When I was at school, September meant a new pencil case.
It sent me rooting in the cupboard under the stairs for whatever scraps of wallpaper my Dad could spare to back my exercise books. Clean pages, white space; new possibilities. For years, working in higher education, I retained that feeling of September newness, of things starting up and the excitement of what might be. Autumn is still like that, even now (though my notebooks, these days, come from Paperchase or Moleskine). For me, it’s the new year; a time of taking stock and reviewing priorities – both in life and in my creative projects. It has to be said, I feel happier starting September with a list.
So it’s appropriate that I should start this blog in September. The ‘white space’ is different – less physical, more ethereal. But there’s still the excitement, the what-might-be, the ‘where will I go next?’ The best way to start something, I’ve realised, is to try and let go of that left brained, list-focused way of thinking and let the story breathe. Let the characters emerge from what I observe around me and whatever half formed images or voices make themselves seen or heard.
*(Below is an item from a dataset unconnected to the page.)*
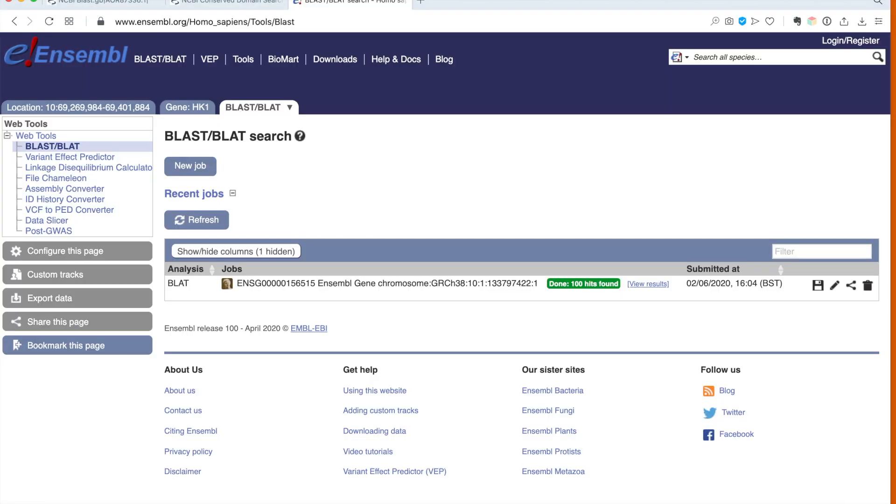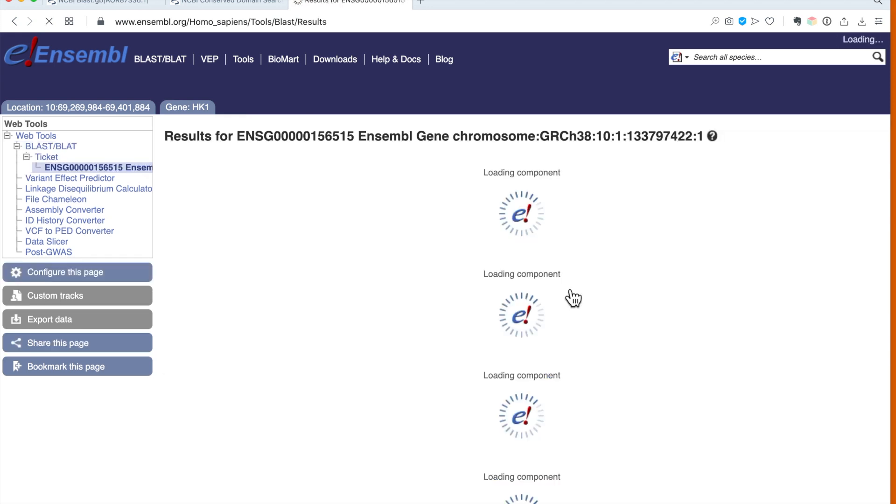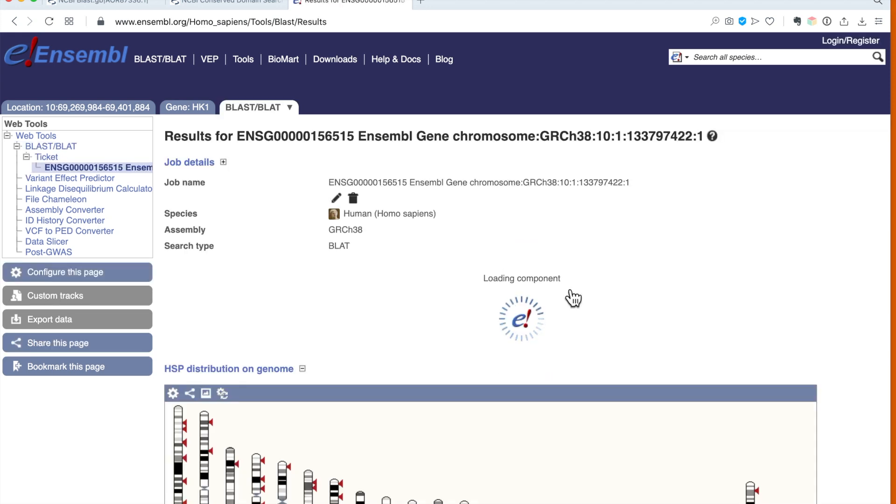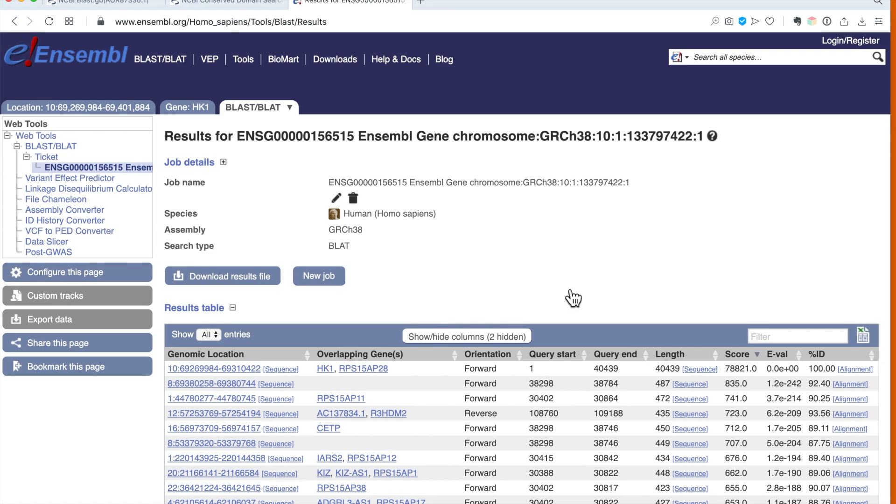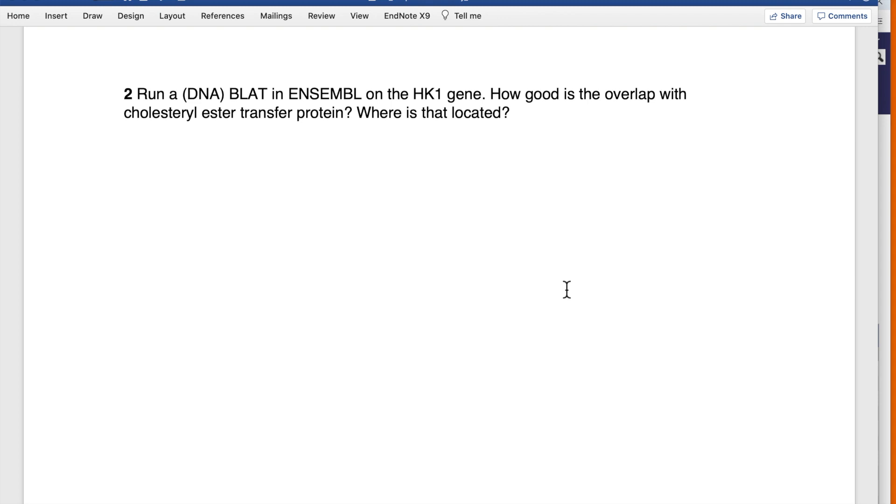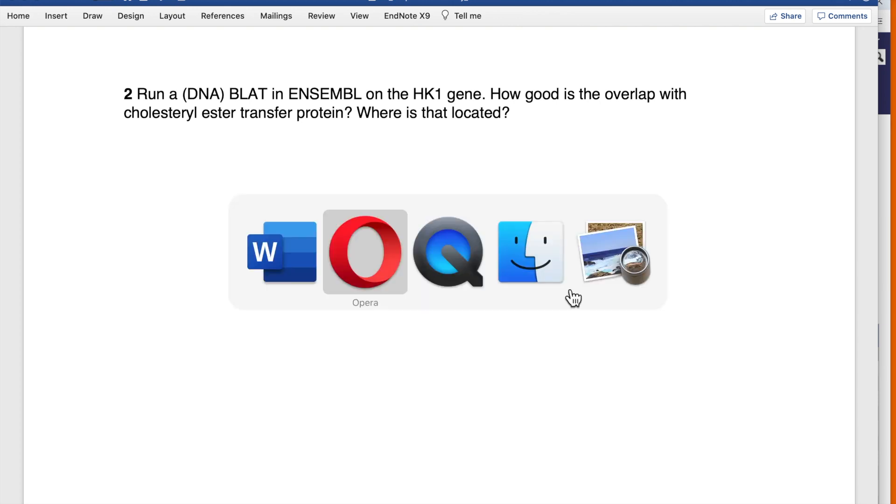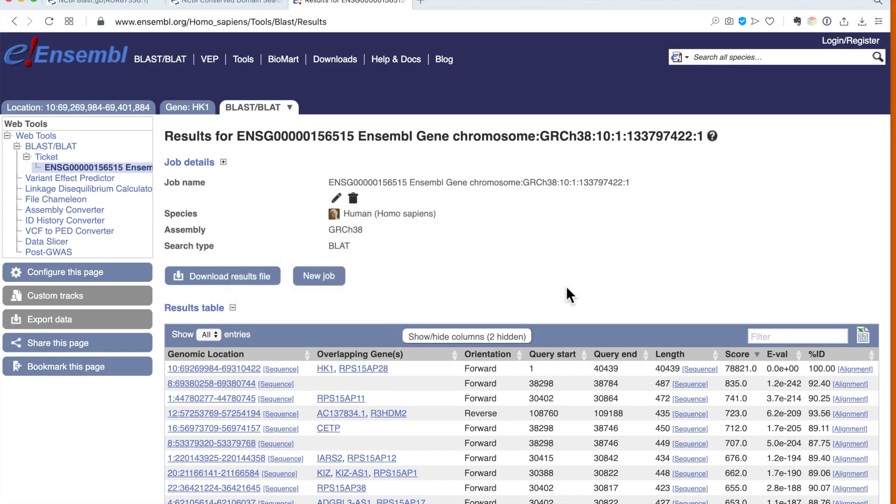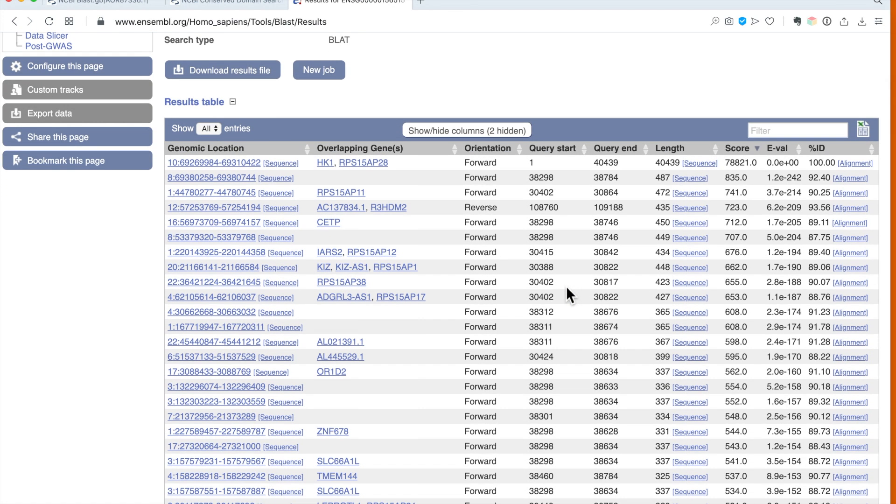Okay, our search is finished. We can see here in that green box we have 100 hits. Clicking on it will give us a list of those hits. The question was: how good is the overlap with cholesterol ester transfer protein? We search for cholesterol, but with a little bit of imagination we can imagine that CETP is the one we are looking for, so we can click on it and see.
And, interestingly, that’s where I am at the moment: at the very start of a new project with a cast of characters who don’t exist as characters quite yet but are glimpses or fragments of something that is still part of me – events, memories, desires.
Thing is, I also need the lists. They prepare me. In the end, they create space: the time I allot myself to write, the mental freedom from the minutiae of life, which are important but can be distracting. With a schedule in place I know the time for all that is taken care of, elsewhere. And that means, hopefully, that the white space in the exercise begins to be filled up. With possibility and potential; with the ‘what if?’ that makes writing (and reading) stories so exciting and full of magic.